May 18, 2013, 10:34 AM EST
FILA, wrestling’s governing body, is spending the weekend in Moscow cleaning house before an upcoming IOC vote will determine if they end up on the 2020 Olympics schedule. And apparently the meeting has been productive.
On Saturday, acting president Nenad Lalovic, who took over after the forced resignation of president Raphael Martinetti, was officially elected to the position by an extraordinary congress. The FILA bureau also discussed many rules changes that will make the sport more attractive to the IOC.
Significant shifts by FILA Saturday include changing the round format from three two-minute periods to two three-minute periods, and changing to a cumulative scoring system rather than a system where a wrestler has to outscore their opponent in two-out-of-three rounds.
“Cumulative score incentivizes the wrestlers to score more often and consistently…” FILA vice president Stan Dziedzic told the Associated Press Saturday.
“The total score is easier for the spectators to understand. It’s difficult for a spectator, not to mention the athletes, when one wrestler wins the first period 5-0, loses the next two periods 1-0 and loses the match.

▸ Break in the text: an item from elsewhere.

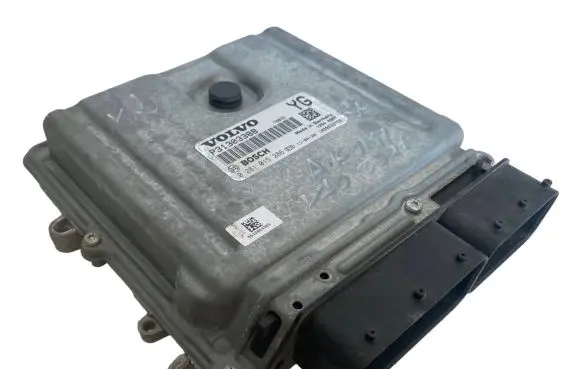 Volvo V70 Engine control unit/module P31303388 1039S33755 0281015286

“The common view was that two minutes was not sufficient time to execute the requisite tactics and strategies to provide an exciting match. What’s more, it deprives the viewing audience of witnessing the will of the wrestler.”
Another rule penalizes passive wrestlers who may be avoiding contact when they’re in the lead, first with a warning, and then, on second offense, with the mandate they score a point within thirty seconds. Otherwise their opponent is awarded a point. Dziedzic said this is a way to incentivize wrestlers to take more risks in the ring, which will likely make wrestling more entertaining to novice fans.
Many wondered if such significant changes could be adapted immediately. But FILA seems to be open to expediting the process if it means strengthening their position before the IOC executive board chooses which three candidate sports will be voted on by the full membership this September.
No word on FILA giving women a stronger voice in the organization, but those changes are also expected to happen before the IOC votes later this month.